→ EXERCISE DESCRIPTION: Repeat the entries below exactly. Drop the pictures.

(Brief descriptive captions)
· · · · ·

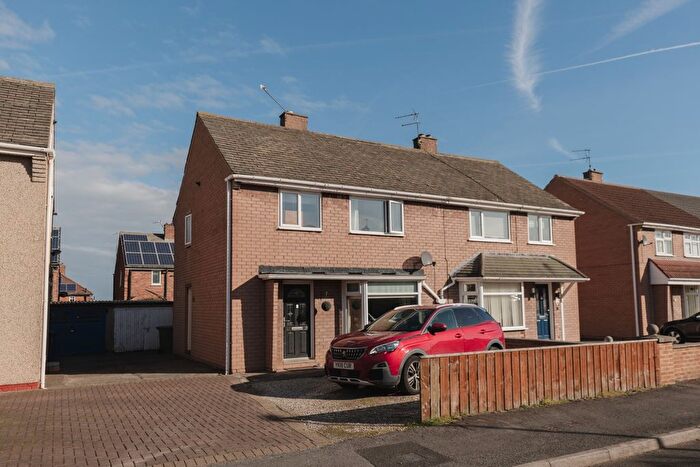 3 Bedroom Semi-Detached House For Sale In Mordales Drive, Marske-By-The-Sea, Redcar, TS11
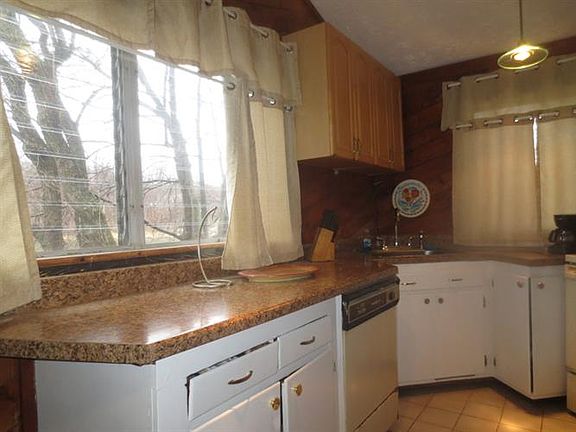 2nd image of 32 Lakeshore Dr NW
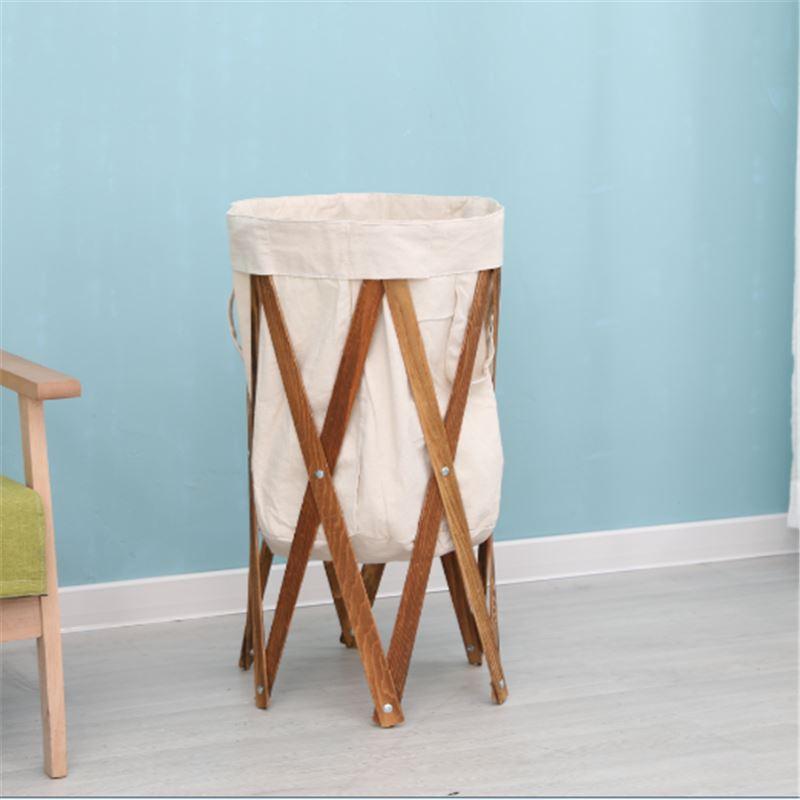 panier pour le linge blanc en bois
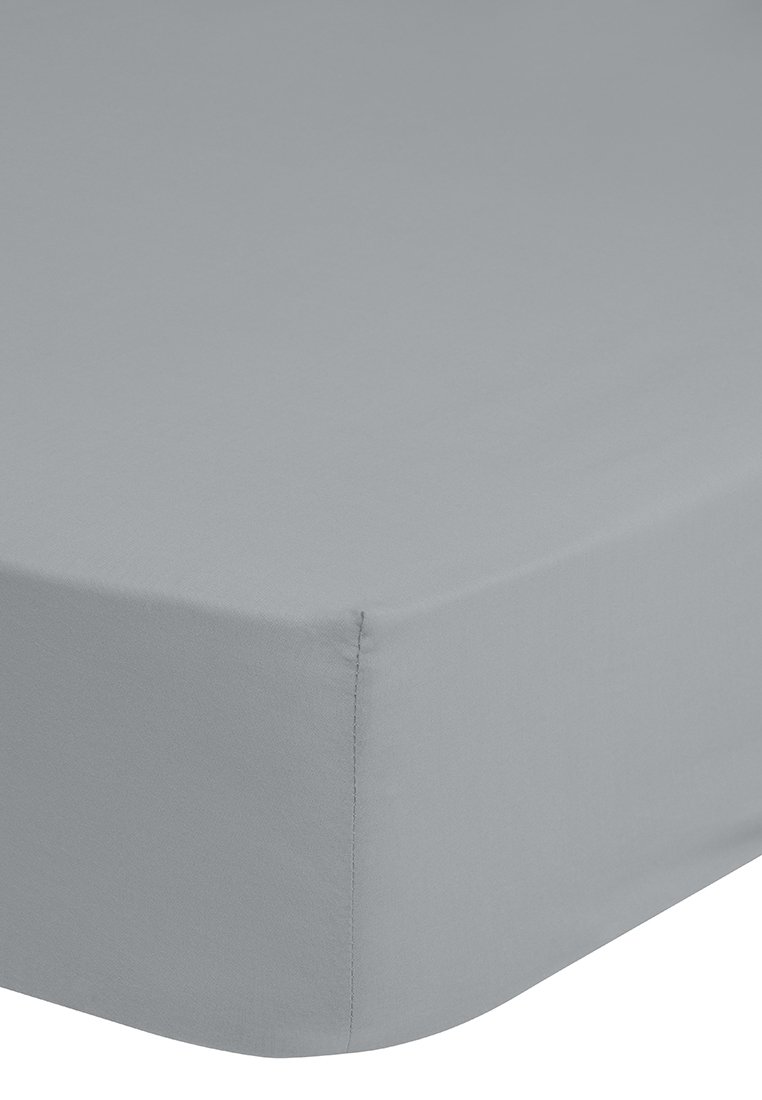 Drap housse grise avec une texture lisse, des coins arrondis et un subtil détail de couture. Conçu pour couvrir un matelas de taille standard.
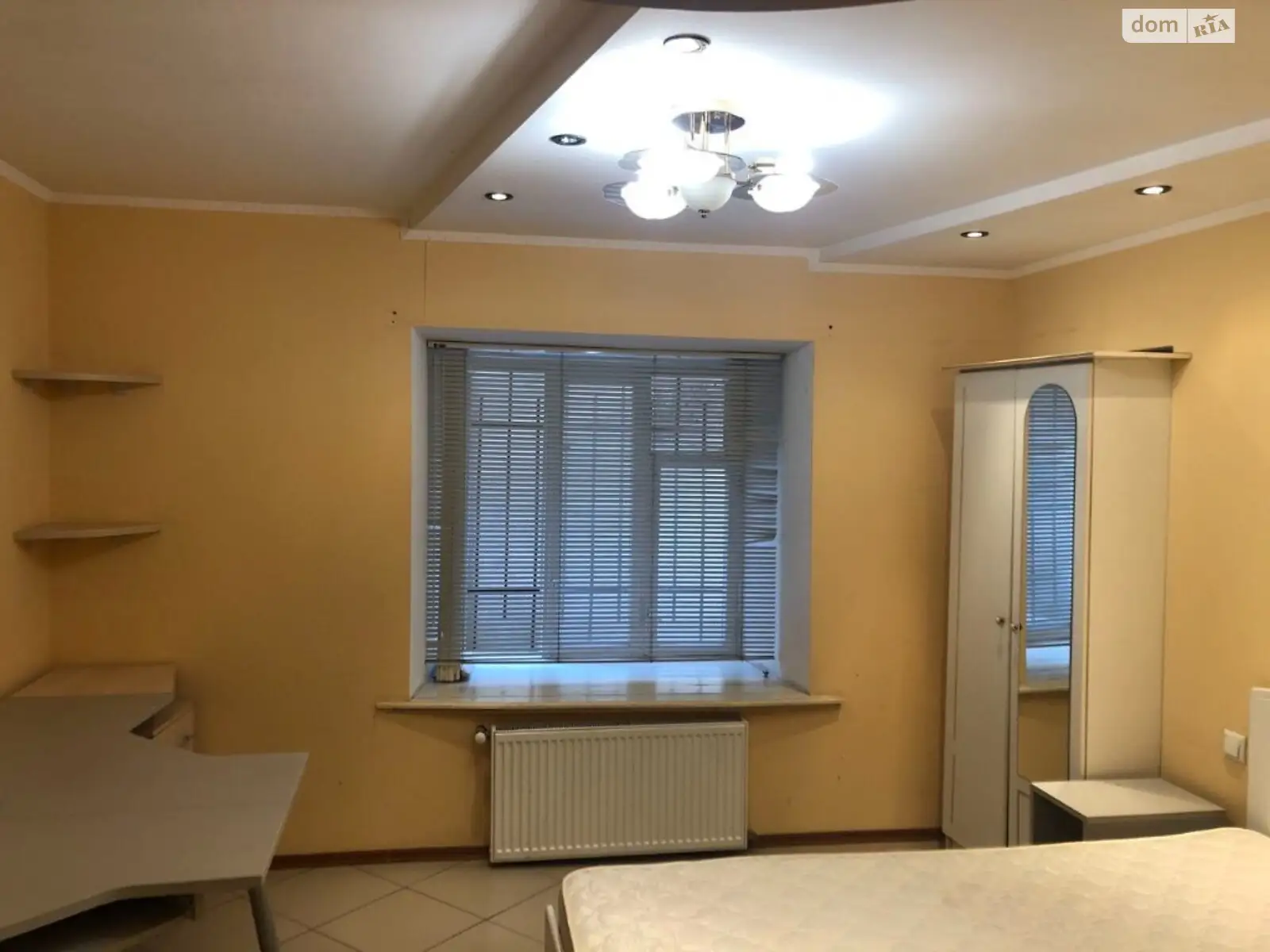 Продается 2-комнатная квартира 55 кв. м в Одессе, ул. Новосельского, 16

· · · · ·

→ EXERCISE ANSWER:
 3 Bedroom Semi-Detached House For Sale In Mordales Drive, Marske-By-The-Sea, Redcar, TS11
 2nd image of 32 Lakeshore Dr NW
 panier pour le linge blanc en bois
 Drap housse grise avec une texture lisse, des coins arrondis et un subtil détail de couture. Conçu pour couvrir un matelas de taille standard.
 Продается 2-комнатная квартира 55 кв. м в Одессе, ул. Новосельского, 16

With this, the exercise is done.